Task material:
#####
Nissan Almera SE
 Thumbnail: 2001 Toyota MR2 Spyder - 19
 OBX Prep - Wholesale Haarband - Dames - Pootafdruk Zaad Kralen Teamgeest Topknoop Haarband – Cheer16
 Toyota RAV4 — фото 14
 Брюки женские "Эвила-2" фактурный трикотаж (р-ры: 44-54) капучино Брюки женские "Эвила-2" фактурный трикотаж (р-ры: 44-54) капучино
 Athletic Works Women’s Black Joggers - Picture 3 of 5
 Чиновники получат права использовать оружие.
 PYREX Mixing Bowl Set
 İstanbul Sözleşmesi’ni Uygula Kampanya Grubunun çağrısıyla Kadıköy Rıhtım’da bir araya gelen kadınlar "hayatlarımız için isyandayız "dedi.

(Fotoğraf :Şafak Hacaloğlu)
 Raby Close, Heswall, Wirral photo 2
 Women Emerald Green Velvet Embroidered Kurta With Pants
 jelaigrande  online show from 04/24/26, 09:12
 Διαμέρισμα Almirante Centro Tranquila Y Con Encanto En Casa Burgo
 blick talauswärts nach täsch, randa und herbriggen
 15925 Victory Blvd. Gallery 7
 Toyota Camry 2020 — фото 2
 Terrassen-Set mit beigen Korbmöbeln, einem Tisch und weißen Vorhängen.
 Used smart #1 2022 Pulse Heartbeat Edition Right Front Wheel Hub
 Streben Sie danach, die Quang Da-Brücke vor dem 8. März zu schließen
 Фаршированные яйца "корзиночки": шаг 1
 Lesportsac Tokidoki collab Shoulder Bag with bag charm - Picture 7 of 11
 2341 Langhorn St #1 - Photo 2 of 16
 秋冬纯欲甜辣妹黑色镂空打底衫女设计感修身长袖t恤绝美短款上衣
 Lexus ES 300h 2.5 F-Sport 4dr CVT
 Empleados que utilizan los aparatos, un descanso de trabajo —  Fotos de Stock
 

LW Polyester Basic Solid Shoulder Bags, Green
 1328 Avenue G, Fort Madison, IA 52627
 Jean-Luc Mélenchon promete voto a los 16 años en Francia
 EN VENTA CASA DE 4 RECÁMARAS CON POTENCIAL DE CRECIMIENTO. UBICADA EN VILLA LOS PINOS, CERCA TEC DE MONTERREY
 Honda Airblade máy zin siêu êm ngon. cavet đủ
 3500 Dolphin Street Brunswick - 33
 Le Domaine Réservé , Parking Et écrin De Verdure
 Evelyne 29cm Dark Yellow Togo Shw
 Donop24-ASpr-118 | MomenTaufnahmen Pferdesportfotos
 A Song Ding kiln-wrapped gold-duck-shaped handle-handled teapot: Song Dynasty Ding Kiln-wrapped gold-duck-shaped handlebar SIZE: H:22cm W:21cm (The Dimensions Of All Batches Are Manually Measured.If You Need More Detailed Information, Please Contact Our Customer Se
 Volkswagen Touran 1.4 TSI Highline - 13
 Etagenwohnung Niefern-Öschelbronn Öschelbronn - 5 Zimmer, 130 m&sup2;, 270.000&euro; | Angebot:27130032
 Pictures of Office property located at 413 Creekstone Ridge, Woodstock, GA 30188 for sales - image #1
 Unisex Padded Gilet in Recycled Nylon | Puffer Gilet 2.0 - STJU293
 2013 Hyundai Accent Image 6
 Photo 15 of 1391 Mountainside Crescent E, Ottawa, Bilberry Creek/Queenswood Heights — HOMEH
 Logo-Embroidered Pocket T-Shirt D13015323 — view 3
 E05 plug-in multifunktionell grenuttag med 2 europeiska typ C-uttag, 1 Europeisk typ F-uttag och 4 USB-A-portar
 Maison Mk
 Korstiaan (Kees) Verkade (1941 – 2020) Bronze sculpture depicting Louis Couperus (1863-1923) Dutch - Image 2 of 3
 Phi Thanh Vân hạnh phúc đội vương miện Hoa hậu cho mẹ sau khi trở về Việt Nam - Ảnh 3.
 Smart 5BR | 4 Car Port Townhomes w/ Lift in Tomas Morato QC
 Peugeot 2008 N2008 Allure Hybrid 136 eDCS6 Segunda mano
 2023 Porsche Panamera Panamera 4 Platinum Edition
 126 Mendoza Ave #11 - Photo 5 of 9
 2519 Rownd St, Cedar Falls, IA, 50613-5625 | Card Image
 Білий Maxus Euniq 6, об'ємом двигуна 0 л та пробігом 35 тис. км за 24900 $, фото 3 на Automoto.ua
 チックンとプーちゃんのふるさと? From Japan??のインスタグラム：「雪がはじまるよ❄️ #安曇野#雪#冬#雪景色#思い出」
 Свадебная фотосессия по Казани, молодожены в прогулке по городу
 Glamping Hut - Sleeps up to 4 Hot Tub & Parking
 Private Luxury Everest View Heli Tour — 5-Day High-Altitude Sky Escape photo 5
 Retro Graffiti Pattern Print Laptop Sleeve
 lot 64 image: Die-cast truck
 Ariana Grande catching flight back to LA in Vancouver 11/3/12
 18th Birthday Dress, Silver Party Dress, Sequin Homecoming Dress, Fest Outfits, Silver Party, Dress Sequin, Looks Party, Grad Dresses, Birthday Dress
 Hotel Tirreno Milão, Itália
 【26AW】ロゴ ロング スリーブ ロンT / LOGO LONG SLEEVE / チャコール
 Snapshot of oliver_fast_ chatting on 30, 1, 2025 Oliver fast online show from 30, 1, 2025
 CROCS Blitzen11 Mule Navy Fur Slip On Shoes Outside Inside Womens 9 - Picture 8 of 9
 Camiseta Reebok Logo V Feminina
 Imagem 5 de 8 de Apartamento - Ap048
#####
Work order:
A single number is required: how many lines in the material hold the word "Edition".

Finished exercise:
2